By Cindy Hoffman, Staff Writer
(Oct. 19,2023) Many people love to fish in the various ponds in Ocean Pines, but sometimes fishing line can get caught in trees or just left on the ground by careless anglers.
During a recent fishing tournament, two birds were injured after they got caught up in the monofilament fishing lines. One problem is that people fishing apparently can’t find a place to safely discard fishing line.
Enter Patty Gamby, an environmental engineer and member of the Environment and Natural Assets Advisory Committee in Ocean Pines.
“This is a problem that is not unique to the Pines,” Gamby said.

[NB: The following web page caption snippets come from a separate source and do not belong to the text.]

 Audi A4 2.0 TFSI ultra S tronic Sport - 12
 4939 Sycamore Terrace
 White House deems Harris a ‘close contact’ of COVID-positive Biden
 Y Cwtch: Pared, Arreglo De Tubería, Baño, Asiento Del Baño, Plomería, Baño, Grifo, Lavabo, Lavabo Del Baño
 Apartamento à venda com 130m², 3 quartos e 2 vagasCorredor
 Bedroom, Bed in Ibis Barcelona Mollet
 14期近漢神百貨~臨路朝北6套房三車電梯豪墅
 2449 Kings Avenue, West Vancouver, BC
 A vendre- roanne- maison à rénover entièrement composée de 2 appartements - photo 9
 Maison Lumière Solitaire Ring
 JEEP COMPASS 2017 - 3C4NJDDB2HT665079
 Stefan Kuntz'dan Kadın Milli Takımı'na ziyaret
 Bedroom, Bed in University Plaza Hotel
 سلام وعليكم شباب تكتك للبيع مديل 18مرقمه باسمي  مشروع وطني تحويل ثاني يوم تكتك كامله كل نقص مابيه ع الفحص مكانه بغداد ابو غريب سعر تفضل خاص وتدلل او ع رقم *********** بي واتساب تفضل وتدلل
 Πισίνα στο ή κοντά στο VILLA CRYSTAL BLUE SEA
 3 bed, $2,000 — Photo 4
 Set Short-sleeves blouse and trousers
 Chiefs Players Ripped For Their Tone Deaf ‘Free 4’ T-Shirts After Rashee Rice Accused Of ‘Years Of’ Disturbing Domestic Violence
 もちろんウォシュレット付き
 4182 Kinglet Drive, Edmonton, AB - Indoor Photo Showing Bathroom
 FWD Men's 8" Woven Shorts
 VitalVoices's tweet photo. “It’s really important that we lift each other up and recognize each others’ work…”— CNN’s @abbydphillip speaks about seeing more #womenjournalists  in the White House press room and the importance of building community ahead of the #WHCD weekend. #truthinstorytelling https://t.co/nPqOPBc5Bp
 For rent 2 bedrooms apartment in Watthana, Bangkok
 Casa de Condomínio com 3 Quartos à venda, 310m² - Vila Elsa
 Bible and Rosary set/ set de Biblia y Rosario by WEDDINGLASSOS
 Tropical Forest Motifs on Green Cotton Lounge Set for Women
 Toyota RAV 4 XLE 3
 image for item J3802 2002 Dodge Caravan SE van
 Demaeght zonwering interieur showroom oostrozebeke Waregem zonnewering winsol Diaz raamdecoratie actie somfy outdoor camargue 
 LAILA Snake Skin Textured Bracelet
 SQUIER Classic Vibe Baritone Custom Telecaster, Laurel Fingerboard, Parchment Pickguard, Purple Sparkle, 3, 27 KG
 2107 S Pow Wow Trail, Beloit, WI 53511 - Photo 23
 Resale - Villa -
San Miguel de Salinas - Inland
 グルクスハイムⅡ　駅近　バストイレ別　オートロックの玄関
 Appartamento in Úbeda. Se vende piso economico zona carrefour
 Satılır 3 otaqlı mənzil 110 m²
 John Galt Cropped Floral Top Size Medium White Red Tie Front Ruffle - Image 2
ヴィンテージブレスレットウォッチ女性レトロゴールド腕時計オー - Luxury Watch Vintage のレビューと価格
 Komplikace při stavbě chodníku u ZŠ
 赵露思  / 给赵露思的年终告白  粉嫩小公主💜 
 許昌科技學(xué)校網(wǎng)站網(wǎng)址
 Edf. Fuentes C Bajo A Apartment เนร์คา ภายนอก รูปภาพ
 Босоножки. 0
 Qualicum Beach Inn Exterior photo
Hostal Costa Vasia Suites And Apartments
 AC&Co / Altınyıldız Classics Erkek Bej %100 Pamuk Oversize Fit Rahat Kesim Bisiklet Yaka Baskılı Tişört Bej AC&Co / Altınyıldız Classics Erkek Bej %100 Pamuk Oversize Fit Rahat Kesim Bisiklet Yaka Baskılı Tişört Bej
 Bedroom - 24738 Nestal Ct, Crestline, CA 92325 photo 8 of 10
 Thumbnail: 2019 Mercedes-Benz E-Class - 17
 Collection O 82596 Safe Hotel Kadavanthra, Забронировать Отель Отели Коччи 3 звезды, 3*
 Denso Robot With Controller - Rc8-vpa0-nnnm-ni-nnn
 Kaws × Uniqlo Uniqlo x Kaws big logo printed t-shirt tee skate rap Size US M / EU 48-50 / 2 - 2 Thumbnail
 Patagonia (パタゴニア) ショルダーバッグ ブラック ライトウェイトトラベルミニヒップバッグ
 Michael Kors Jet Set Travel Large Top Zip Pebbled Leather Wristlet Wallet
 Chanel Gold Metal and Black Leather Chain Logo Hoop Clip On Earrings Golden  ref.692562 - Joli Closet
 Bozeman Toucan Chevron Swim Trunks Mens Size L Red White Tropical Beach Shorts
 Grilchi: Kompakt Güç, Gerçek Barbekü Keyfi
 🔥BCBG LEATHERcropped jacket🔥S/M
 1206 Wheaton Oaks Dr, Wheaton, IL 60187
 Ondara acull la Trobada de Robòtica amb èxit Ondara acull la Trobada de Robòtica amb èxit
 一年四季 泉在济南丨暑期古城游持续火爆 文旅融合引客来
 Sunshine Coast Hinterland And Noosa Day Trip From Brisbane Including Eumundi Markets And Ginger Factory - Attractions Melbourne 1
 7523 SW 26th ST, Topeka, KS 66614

When she heard about the problems with fishing lines, she looked online to see if she could find a disposal unit. When she could not, she got to work designing one.
She created a unit made out of PVC pipe with an elbow at the top and a cap at the bottom. The materials cost about $30. Her husband made a prototype for her and she provided an instructional label on it using her Cricket.
She has walked the south pond and identified four locations to mount the units on posts that have already been placed around the pond.
She said the environment committee has been working closely with the Anglers Club on this project. Club members have agreed to help monitor the disposal units and empty them when necessary.
Gamby said there is a specific way to dispose of monofilament lines. When the containers are full, they will empty them and burn the contents. She said it would not be appropriate to put the fishing line in the trash as is, because it could still trap and injure birds and other wildlife.
By burning the content, the plastic will become a small ball that can then be thrown out.
Gamby said they still need to get approval to place the units. If they do not get funding from OPA for the units, she plans to encourage people or groups to donate to the cause.